**DATASET EXTRACT:**
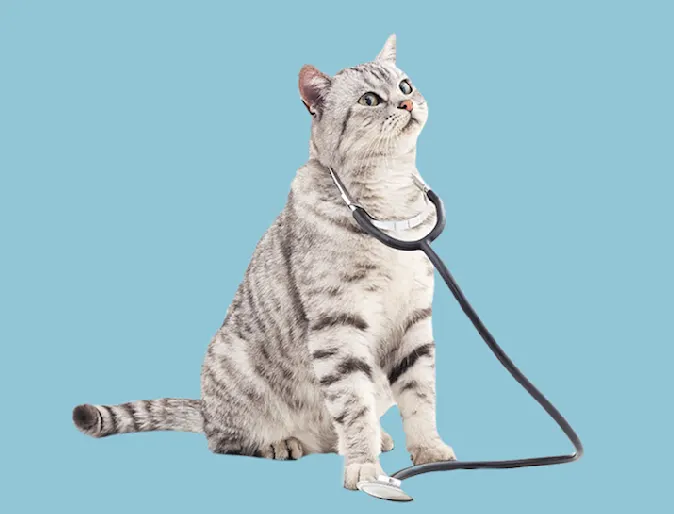 Cat with stethoscope Cat with stethoscope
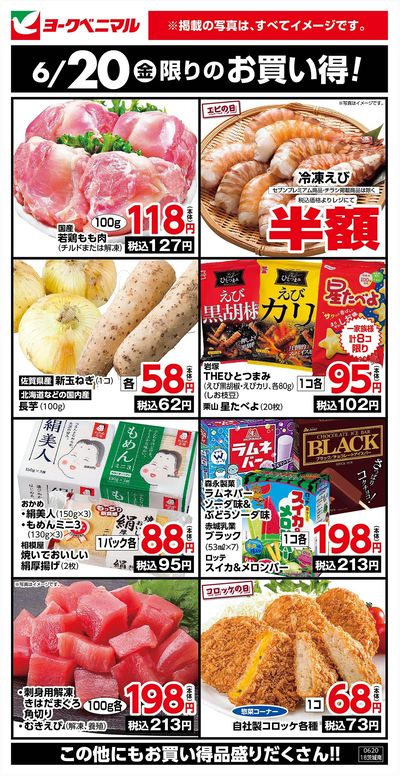 6/20限りのお買い得!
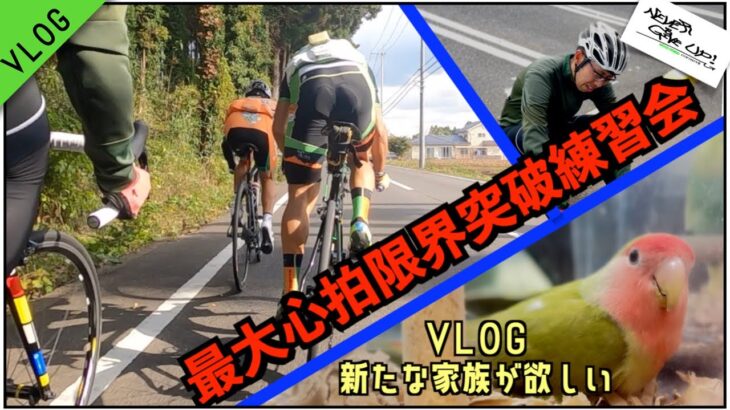 ロードバイクトレ動画【アタックだらけの練習会!! & Vlogインコほちぃ】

**WORK TO COMPLETE:**
Copy exactly, and copy only, the lines from the one bearing "6/20限りのお買い得!" through the closing line of the material, with both ends kept and pictures removed.

**PROBLEM SOLUTION:**
 6/20限りのお買い得!
 ロードバイクトレ動画【アタックだらけの練習会!! & Vlogインコほちぃ】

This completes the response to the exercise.